IEEE Trans Biomed Circuits Syst. 2008 Sep;2(3):173-83. doi: 10.1109/TBCAS.2008.2003198.
This paper presents work on ultra-low-power circuits for brain-machine interfaces with applications for paralysis prosthetics, stroke, Parkinson's disease, epilepsy, prosthetics for the blind, and experimental neuroscience systems. The circuits include a micropower neural amplifier with adaptive power biasing for use in multi-electrode arrays; an analog linear decoding and learning architecture for data compression; low-power radio-frequency (RF) impedance-modulation circuits for data telemetry that minimize power consumption of implanted systems in the body; a wireless link for efficient power transfer; mixed-signal system integration for efficiency, robustness, and programmability; and circuits for wireless stimulation of neurons with power-conserving sleep modes and awake modes. Experimental results from chips that have stimulated and recorded from neurons in the zebra finch brain and results from RF power-link, RF data-link, electrode-recording and electrode-stimulating systems are presented. Simulations of analog learning circuits that have successfully decoded prerecorded neural signals from a monkey brain are also presented.

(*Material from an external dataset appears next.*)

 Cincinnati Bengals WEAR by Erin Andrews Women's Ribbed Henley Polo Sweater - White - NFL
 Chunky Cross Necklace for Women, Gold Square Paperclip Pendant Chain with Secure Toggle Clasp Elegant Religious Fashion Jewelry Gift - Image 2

本文介绍了应用于瘫痪假肢、中风、帕金森病、癫痫、盲人假肢和实验神经科学系统的脑机接口超低功耗电路的工作。这些电路包括具有自适应功率偏置的微功耗神经放大器,用于多电极阵列;用于数据压缩的模拟线性解码和学习架构;用于数据遥测的低功耗射频 (RF) 阻抗调制电路,可最大限度地降低体内植入系统的功耗;高效的功率传输无线链路;用于提高效率、鲁棒性和可编程性的混合信号系统集成;以及具有节能睡眠模式和唤醒模式的神经元无线刺激电路。本文介绍了从斑马雀脑中刺激和记录神经元的芯片的实验结果,以及 RF 功率链路、RF 数据链路、电极记录和电极刺激系统的结果。还介绍了模拟学习电路的仿真结果,该电路成功解码了来自猴子大脑的预先录制的神经信号。